*Data for this exercise*.
───
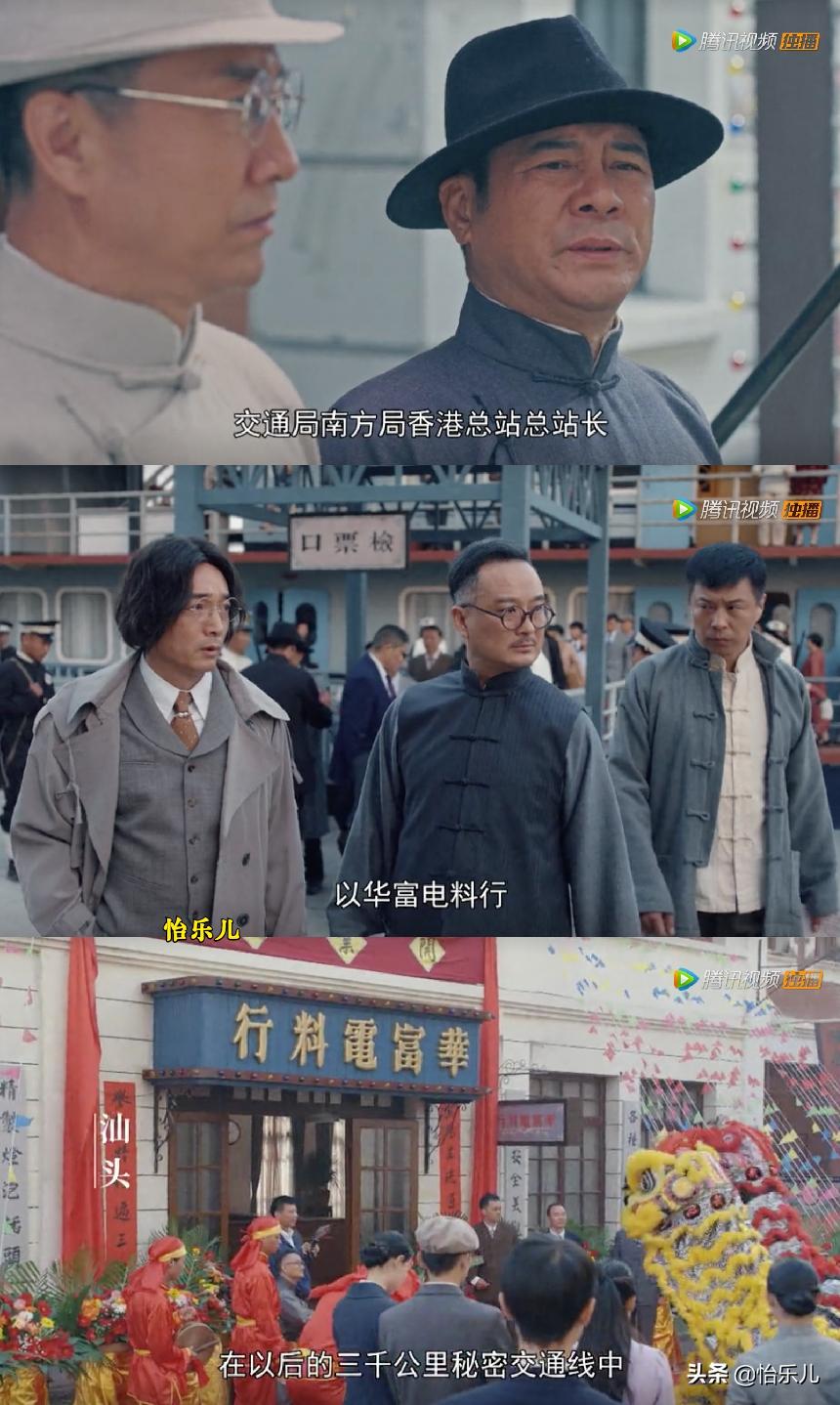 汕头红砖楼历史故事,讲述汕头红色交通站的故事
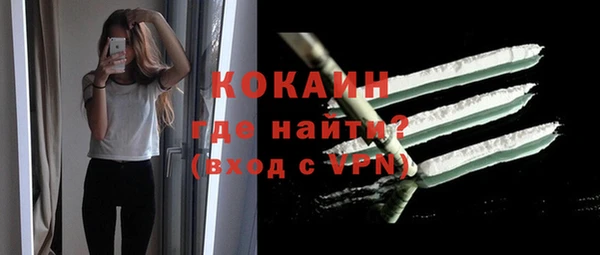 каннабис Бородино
───
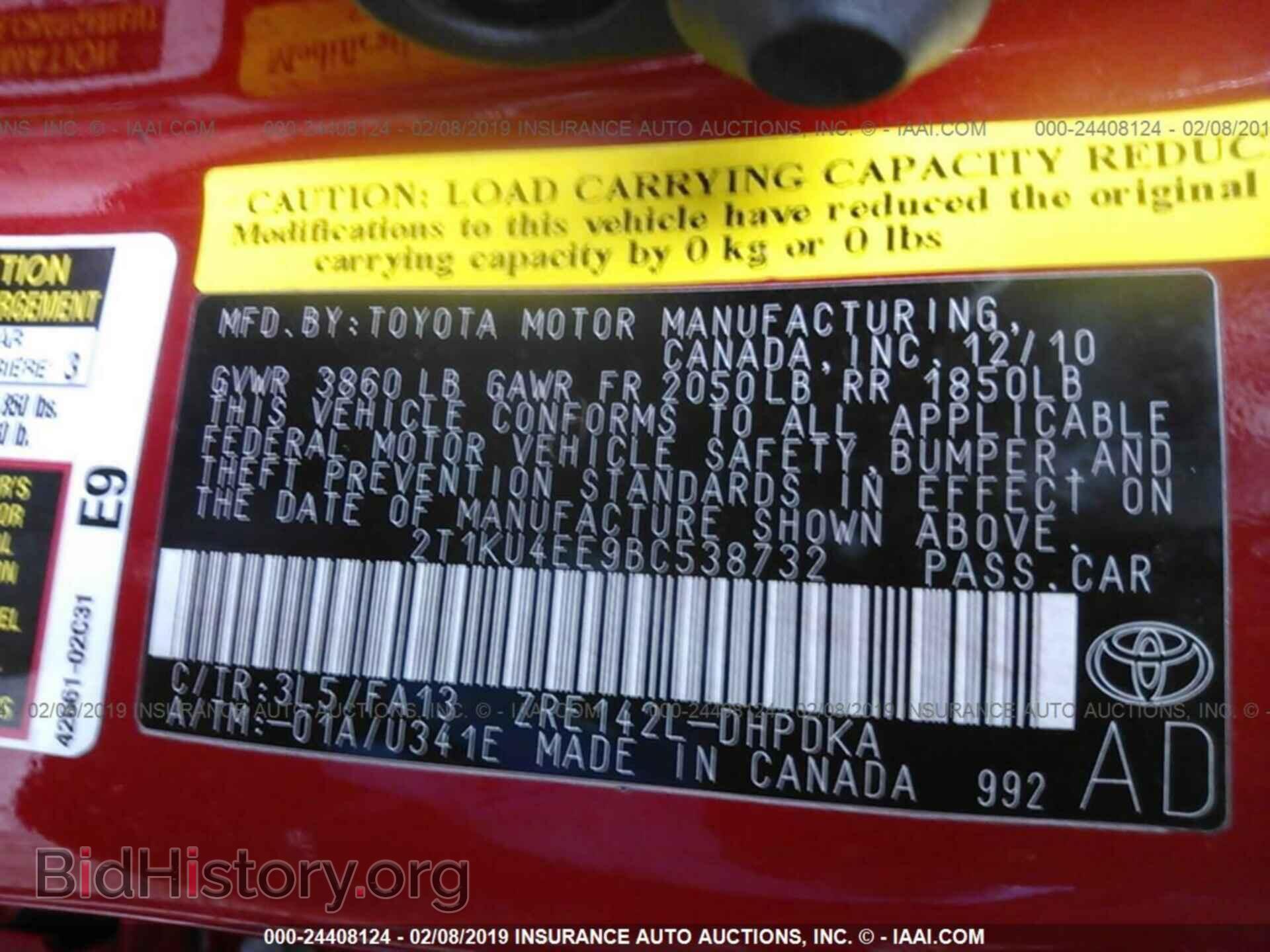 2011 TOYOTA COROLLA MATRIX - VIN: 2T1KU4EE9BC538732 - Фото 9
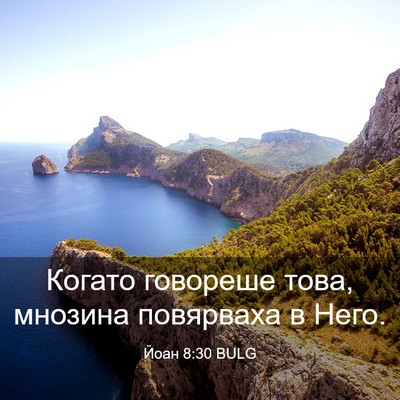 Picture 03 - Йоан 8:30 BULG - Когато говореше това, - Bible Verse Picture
───
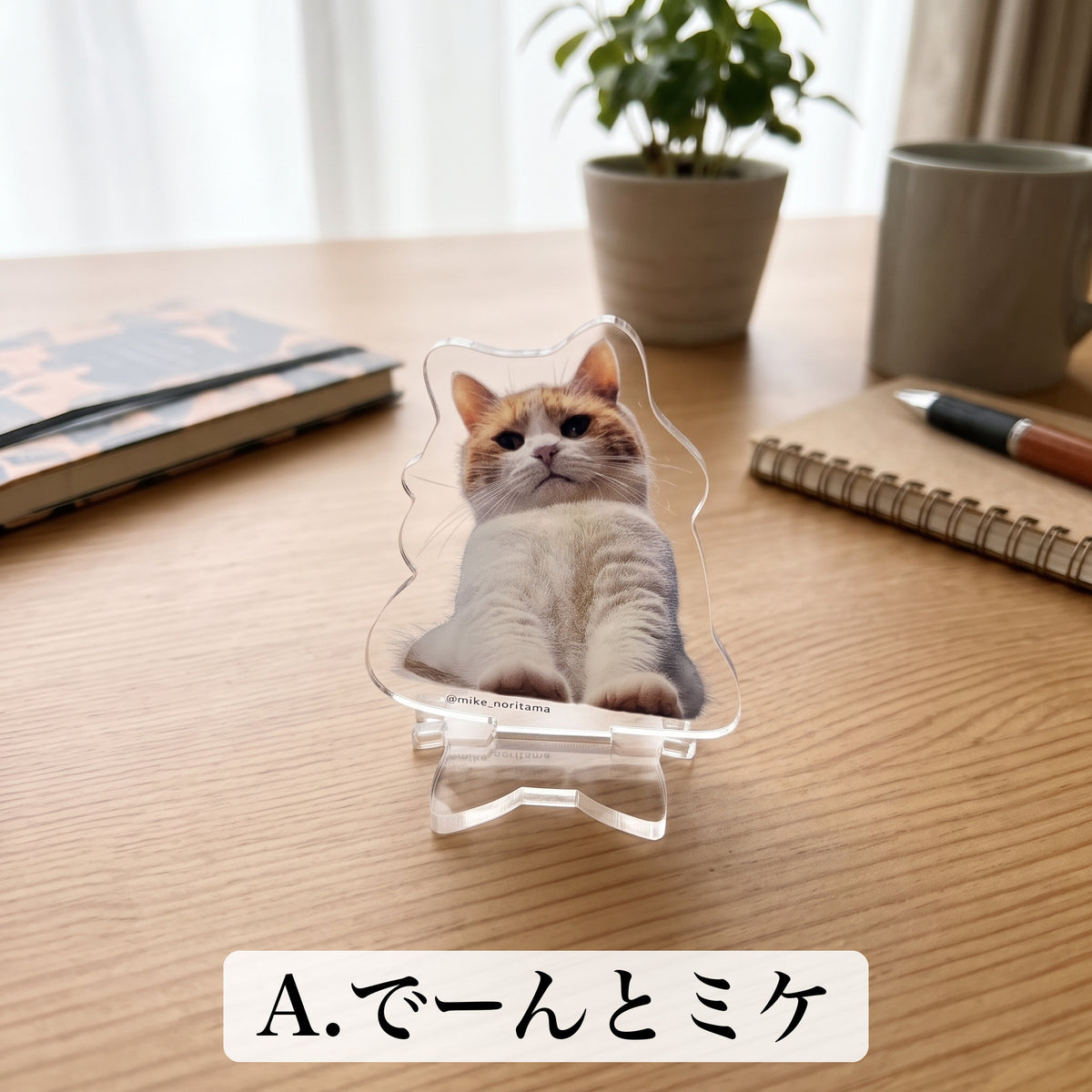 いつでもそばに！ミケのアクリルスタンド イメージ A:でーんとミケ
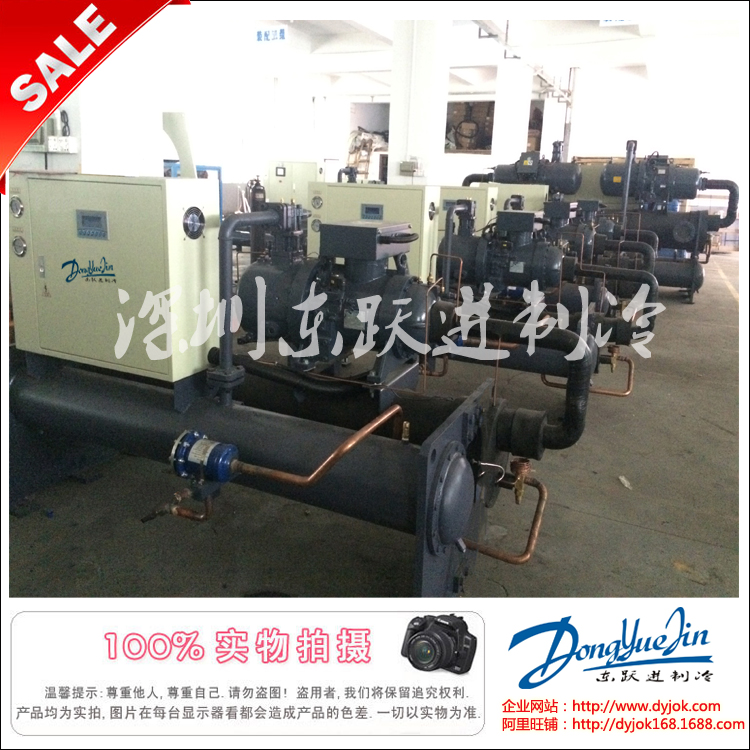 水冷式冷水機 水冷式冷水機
───
*Directions*. Taking the entries above, extract every line from the one bearing "2011 TOYOTA COROLLA" through the one bearing "Picture 03 - Йоан", exactly, with no pictures.

*Exercise response*.
 2011 TOYOTA COROLLA MATRIX - VIN: 2T1KU4EE9BC538732 - Фото 9
 Picture 03 - Йоан 8:30 BULG - Когато говореше това, - Bible Verse Picture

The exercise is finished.